Stablecoins are the most highly used financial product in the crypto space. According to data sources like Artemis, over $321.5B in the supply parameter is currently on-chain. Yet, the majority of the users of them do not understand the mechanisms behind how they retain their $1 peg or how they lose that peg when that mechanism breaks. Here, we look into that.
What does “backing” actually mean?
All stablecoins are essentially just making a commitment that 1 token = $1. The way in which the stablecoin fulfills that commitment is defined by what lies behind it. For example, fiat-collateralized stablecoins, such as USDC or USDT, have a balance that contains $1 in the form of either actual dollars or Treasury Bills held in an account. Here, the risk is custodial: you are relying on the company, the bank, and the auditor.
Crypto-backed stablecoins require users to lock up crypto assets as collateral; this is exemplified by DAI where it might require you to lock up $150 of ETH to borrow $100, with automatic liquidation in the case the price experiences a fall. The risk here is volatility overwhelming the liquidation mechanism.
The third is most dangerous. Algorithmic stablecoins are actually not backed at all. Their peg is based solely on a mint-and-burn system that reacts to supply and demand. The biggest to ever exist was UST, which no longer is a thing.
How a depeg happens

The depeg occurs as soon as the market no longer believes in the peg. Depending on the type, the mechanism is different.
The most common trigger event for a fiat-backed currency is a bank run or confidence crisis. In March 2023, there was a similar case that briefly pushed the stablecoin USDC below $0.87 after an announcement that $3.3B was deposited at Silicon Valley Bank (which was simultaneously failing) in the course of only one day. No one really knew how much would be recoverable; this uncertainty and lack of information caused the peg to break-until the FDIC guarantee was secured, the price returned within days.
It is important to note that a fiat-backed stablecoin can depeg even in the case when its reserves are largely intact. It is so because disbelief progresses much more quickly than verification.
Depegs can occur with crypto-collateralized coins when there is an inability for the system to liquidate in response to declining collateral values in the market. Severe market stress conditions can make the distance between “the liquidation should have happened” and “the liquidation actually processed” far enough to create an undercollateralized system.

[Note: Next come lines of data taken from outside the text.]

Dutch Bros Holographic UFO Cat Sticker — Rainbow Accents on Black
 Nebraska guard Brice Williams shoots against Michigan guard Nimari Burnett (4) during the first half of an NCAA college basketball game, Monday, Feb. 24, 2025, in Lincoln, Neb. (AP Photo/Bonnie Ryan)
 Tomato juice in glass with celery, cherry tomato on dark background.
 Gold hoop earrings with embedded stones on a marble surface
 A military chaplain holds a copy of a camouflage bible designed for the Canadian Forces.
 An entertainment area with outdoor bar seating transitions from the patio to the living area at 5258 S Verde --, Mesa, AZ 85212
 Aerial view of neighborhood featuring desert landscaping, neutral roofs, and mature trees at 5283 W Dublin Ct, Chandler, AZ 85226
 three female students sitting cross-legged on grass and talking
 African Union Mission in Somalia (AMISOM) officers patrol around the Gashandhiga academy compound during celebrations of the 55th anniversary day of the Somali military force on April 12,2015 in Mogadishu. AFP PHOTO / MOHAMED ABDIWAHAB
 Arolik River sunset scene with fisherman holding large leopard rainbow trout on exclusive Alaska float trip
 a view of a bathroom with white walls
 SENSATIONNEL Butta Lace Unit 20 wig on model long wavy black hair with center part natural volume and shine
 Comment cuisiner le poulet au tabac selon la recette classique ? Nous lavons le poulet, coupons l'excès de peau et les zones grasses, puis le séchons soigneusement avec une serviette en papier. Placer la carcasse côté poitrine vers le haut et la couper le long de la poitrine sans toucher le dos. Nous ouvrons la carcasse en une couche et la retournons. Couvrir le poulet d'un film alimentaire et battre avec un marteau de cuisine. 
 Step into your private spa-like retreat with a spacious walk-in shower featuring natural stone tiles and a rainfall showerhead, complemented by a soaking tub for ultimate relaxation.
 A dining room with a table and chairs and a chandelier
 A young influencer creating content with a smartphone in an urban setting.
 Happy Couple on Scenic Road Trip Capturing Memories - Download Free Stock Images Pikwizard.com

Algorithmic depegs are fundamentally different in their nature and, generally, in their outcomes. UST’s collapse back in May 2022 serves as a clear case study here. UST maintained its peg via a mint/burn mechanism with LUNA, Terra’s native token. When confidence faltered and large holders started exiting their UST positions, more LUNA was minted by the protocol in an attempt to absorb UST selling pressure. With more LUNA supply in circulation, LUNA’s price decreased.
The lower price of LUNA means more LUNA had to be minted to absorb an equivalent amount of UST selling. The spiral began. $40B of the combined market caps of LUNA and UST vanished within a short period of time; with no underlying collateral, there was no floor for the depegging asset.
Regulatory risk: the layer most people ignore
Stablecoins fall into the overlapping space of payments, securities law, and banking regulation in nearly all significant jurisdictions, and no jurisdiction has yet cracked how they should fit in. The U.S. has been developing stablecoin legislation for years and is yet to pass a framework. MiCA regulation within the EU covers stablecoins, but it imposes heavy compliance obligations on reserve composition, reporting, and issuance limits, which are currently being stress-tested.
For the holders, the risk is practical rather than direct but real. A regulatory move against an issuer could lock out redemptions, remove the user from the banking rails, or cause a restructure that’s faster than your exit velocity. USDT has been subject to years of regulatory questioning regarding the composition and auditability of the reserves. It has not depegged, but the risk persists: the redemption mechanism is dependent on its banking relationships (if primary ones were terminated, it would fail even if its assets were otherwise healthy).
What to actually watch
Stablecoin’s peg price in itself doesn’t cover the whole mechanics of how the stablecoins operate. Reserve composition, redemption mechanism, audit quality, and on-chain supply dynamics are of far greater significance.
The risk profile of a stablecoin backed by mostly short-term U.S. Treasuries and cash differs hugely compared to one backed by commercial paper, unsecured lending, or crypto collateral even if the stablecoin trades at $1. The redemption mechanism also has significance. Some issuers only permit direct redemption by institutional partners, and retail users are dependent on secondary market liquidity during stressed periods and are exposed to widening spreads and depegging.
The other area where differences are usually mistaken is in terms of audit quality. A monthly attestation just says the reserve balance at that point in time; a full audit determines whether the accounting and liability are accurately ongoing. Changes in on-chain supply besides issuer disclosures are usually the first indicators of strain. Rapid large decrease in supply, including from the issuer’s mint wallet, often represent redemption wave, illiquidity or lost of market trust before it is priced in.